The Minister of Water Resources, Mr Suleiman Adamu, says the ministry has drilled 70 monitoring wells in order to properly assess and manage the groundwater resources in the country.
This, he said was done through the Nigeria Hydrological Services Agency (NIHSA).
At an event to commemorate the 2022 World Water Day, the minister said groundwater has huge impact on the Nigerian economy because it is widely used for domestic, agricultural, and industrial supplies.
The theme for the day is, “Ground Water: Making the Invisible Visible’’.
Adamu, represented by the Permanent Secretary, Mrs Didi Walson-Jack, said an estimated 60 per cent of Nigeria’s population depend on groundwater for their main drinking source.
According to him, the importance of groundwater to health was brought to the fore during the COVID-19 pandemic which started two years ago.
“As you are aware, the World Health Organization (WHO) recommended proper hand washing exercise as a non-pharmaceutical measure to curb the COVID-19 pandemic. This practice requires the availability of adequate and safe water.
“Therefore, the Ministry in its WASH emergency response to (COVID-19) drilled 286 new Boreholes Schemes and rehabilitated 190 old Borehole Schemes in the 36 States of Nigeria and the FCT. This activity made the invisible resource visible and available to the Nigerian populace as a means of curbing the COVID-19 infections.

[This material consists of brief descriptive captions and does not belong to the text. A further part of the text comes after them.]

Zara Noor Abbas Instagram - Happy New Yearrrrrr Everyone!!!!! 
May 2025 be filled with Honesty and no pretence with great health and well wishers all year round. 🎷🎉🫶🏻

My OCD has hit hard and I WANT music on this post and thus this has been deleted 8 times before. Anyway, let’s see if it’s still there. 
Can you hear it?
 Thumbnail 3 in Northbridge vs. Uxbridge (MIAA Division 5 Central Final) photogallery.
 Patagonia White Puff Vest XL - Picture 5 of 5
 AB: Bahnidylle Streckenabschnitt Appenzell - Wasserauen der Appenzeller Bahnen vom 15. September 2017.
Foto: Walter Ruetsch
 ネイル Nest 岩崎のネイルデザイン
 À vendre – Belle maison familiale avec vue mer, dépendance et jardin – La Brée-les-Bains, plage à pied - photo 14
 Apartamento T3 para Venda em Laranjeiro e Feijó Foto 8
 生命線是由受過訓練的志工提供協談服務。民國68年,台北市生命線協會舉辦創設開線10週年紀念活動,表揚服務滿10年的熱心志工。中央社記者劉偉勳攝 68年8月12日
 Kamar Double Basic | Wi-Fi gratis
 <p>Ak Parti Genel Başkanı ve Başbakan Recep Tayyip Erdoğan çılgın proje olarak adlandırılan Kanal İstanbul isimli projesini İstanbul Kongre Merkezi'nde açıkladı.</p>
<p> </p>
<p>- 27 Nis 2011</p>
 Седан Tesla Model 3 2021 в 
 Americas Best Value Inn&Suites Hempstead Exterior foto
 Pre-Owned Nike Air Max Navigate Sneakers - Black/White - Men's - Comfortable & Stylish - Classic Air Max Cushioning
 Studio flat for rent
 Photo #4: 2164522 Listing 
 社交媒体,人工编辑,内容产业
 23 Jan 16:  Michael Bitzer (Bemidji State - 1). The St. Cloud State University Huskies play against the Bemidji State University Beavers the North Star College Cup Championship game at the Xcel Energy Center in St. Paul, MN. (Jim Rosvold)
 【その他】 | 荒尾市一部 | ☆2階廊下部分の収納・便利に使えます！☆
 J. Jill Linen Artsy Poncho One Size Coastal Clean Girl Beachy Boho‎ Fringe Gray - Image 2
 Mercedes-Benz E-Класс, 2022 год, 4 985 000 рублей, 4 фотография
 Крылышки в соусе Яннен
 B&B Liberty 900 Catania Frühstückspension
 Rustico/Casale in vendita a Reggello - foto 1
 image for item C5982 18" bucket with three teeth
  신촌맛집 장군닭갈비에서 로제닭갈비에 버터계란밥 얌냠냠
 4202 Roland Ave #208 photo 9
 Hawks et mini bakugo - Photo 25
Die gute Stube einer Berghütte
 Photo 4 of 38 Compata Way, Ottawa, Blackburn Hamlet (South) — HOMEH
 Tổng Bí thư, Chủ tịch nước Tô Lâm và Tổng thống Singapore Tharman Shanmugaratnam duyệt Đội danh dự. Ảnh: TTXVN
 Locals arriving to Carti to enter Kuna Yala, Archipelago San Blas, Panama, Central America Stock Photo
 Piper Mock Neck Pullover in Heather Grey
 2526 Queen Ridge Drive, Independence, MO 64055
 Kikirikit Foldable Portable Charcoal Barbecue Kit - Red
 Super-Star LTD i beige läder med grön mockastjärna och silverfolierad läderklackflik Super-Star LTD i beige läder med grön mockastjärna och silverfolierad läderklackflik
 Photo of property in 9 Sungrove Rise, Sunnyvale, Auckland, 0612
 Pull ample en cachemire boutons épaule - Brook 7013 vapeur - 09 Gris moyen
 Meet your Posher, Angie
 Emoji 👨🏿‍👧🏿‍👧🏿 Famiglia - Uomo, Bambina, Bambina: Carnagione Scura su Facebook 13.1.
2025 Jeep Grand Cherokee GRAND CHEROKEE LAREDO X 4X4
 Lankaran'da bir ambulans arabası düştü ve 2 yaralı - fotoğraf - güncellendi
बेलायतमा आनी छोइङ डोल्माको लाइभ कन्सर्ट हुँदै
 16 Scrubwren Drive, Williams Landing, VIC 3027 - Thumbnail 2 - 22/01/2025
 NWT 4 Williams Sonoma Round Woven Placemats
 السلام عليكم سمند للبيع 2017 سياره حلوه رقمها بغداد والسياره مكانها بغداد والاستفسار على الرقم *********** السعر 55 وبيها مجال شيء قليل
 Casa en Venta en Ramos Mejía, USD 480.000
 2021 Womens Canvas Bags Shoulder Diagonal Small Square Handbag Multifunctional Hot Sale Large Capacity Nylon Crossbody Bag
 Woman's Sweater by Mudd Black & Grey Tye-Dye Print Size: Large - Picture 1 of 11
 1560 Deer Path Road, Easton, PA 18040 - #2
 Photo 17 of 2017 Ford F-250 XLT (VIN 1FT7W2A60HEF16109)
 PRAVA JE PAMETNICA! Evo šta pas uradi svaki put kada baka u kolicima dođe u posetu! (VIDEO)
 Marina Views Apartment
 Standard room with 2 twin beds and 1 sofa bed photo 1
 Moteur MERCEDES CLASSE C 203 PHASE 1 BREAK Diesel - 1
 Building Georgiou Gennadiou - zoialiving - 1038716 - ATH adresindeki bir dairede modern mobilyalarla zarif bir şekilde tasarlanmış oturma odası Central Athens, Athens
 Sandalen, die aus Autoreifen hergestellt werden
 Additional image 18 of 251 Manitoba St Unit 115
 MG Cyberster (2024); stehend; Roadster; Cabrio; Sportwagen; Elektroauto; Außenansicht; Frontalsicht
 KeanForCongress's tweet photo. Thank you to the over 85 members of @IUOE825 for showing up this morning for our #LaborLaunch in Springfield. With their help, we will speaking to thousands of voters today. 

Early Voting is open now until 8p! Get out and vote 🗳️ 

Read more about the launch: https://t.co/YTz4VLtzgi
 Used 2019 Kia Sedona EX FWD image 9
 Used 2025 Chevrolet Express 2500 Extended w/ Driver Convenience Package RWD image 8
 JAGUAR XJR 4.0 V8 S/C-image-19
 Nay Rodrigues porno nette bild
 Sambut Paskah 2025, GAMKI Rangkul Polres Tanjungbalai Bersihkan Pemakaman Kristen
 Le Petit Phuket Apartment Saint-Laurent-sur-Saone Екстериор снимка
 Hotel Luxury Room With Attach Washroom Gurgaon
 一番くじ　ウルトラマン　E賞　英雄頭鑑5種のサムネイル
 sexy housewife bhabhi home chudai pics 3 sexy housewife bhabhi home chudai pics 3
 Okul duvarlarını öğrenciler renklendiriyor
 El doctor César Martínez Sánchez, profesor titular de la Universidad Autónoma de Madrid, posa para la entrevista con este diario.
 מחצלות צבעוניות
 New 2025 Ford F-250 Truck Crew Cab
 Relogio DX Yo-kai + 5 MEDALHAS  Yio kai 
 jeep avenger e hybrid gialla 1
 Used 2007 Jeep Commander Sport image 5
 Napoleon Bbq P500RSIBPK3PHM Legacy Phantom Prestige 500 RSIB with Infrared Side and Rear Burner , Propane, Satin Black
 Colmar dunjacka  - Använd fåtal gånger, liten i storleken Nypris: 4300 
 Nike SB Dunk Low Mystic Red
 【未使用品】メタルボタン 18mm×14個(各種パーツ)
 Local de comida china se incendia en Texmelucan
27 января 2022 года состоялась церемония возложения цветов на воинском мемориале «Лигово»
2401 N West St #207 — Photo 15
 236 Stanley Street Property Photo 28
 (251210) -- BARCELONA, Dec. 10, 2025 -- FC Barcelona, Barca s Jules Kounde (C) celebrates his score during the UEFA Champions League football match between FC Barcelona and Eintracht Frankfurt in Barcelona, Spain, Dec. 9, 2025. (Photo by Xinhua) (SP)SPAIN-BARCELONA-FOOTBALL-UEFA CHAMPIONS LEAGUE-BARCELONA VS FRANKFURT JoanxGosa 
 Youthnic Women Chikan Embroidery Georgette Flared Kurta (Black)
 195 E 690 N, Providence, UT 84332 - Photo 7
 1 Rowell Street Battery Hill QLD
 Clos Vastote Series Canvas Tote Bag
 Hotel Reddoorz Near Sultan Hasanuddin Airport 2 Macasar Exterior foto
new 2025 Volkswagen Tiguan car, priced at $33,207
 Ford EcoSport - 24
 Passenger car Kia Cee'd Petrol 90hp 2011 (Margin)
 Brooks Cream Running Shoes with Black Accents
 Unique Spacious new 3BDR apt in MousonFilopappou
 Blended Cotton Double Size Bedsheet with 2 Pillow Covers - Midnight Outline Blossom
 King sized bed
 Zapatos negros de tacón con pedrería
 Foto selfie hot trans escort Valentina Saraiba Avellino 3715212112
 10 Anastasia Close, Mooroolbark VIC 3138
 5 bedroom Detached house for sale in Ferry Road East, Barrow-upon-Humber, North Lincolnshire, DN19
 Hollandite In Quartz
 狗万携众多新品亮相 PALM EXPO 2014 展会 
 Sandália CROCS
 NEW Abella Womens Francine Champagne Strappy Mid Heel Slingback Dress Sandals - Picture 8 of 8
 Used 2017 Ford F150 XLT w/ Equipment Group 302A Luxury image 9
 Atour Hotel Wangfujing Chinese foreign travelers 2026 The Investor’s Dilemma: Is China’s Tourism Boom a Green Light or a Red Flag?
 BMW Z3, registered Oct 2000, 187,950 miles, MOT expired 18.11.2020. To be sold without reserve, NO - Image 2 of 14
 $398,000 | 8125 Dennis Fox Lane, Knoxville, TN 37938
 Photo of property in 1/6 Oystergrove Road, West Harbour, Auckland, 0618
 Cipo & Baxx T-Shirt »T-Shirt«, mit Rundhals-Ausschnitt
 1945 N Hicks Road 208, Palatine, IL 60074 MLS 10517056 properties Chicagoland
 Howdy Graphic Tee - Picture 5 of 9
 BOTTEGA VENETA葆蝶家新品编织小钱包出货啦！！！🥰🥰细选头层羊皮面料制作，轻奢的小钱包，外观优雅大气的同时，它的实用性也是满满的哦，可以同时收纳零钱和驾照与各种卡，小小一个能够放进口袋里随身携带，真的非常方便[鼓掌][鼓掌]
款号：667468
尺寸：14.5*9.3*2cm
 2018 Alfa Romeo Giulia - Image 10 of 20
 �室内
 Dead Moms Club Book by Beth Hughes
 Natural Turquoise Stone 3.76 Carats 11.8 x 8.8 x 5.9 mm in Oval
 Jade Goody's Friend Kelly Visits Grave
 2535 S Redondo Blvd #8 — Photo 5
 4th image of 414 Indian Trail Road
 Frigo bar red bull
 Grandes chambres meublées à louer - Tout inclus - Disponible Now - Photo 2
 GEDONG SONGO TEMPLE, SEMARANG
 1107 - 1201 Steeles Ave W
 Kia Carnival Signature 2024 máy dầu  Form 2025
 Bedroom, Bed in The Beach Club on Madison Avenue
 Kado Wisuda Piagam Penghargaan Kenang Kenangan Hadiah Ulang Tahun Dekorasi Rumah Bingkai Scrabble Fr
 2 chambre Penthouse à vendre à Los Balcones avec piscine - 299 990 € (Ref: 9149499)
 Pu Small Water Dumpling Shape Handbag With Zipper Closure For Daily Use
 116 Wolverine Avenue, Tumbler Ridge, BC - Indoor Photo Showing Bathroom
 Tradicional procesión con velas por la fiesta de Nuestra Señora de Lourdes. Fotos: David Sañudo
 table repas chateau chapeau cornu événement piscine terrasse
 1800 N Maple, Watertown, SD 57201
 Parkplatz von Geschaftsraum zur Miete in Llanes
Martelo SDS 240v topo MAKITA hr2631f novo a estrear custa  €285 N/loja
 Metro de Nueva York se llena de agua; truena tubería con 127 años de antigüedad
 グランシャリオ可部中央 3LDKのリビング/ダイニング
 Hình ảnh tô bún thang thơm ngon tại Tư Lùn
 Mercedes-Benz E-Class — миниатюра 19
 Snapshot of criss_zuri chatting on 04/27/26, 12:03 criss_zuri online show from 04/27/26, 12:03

“Also, in 2021, 76 boreholes were constructed under the 2021 Nationwide Rural Water supply Programme. It is important to stress that groundwater is not an infinite resource; It could be depleted when more water is abstracted from Aquifers than is being recharged by rain or snow,’ he said.
He also raised concern over the poor management of groundwater, saying this is due to the invisible nature of groundwater, as it is frequently undervalued, insufficiently, understood and consequently poorly managed.
Action Against Hunger, Nigeria Representative, Kanaganathan Rangaiya, said his organisation had invested in groundwater surveillance, piloted across North East Nigeria.
“Through this, we are able to gather and collate, analyse and present reliable data on the groundwater quality and access in the Lake Chad Region.
“This intervention shall help stakeholders track water depletion level, vis-à-vis climate change challenge that has led to water shortage in North East Nigeria and the Lake Chad region.
He noted that with support from USAID-BHA, University of Maiduguri, and the Federal and State Governments, Action Against Hunger had installed 22 groundwater surveillance devices (piezometers).
This, he noted, was to aid in measuring water levels and guide decisions on sinking of boreholes and wells in Yobe and Borno states.
“We are consistently tracking groundwater levels and gathering evidence for corporate actions. We are also consistent in advocating for access to quality water and water security.
“At the IDPs and some selected host communities, we have sunk 10 solar powered boreholes, in this journey so far, we have seen that there are actions, which, if neglected, would sure be huge hindrances towards achieving Sustainable Development Goal 6 (SDG6) by 2030’’.
Rangaiya, however, urged tiers of government to be decisive in investing and creating access to potable water for both rural and urban dwellers.
He also stressed the need for the populace to hold government to account in increasing allocations to the water, sanitation and hygiene sector.
Mr Francis Uzoma, National President, Borehole Drillers Association of Nigeria, said his association was fully committed towards adhering to global best practices in groundwater management.
According to him, members of the association are aligned to the theme of increasing access to potable water and sanitation in all its corporate social responsibilities.
“Our members have identified schools and hospitals in their areas of interventions, and this had made massive impact as we speak’’.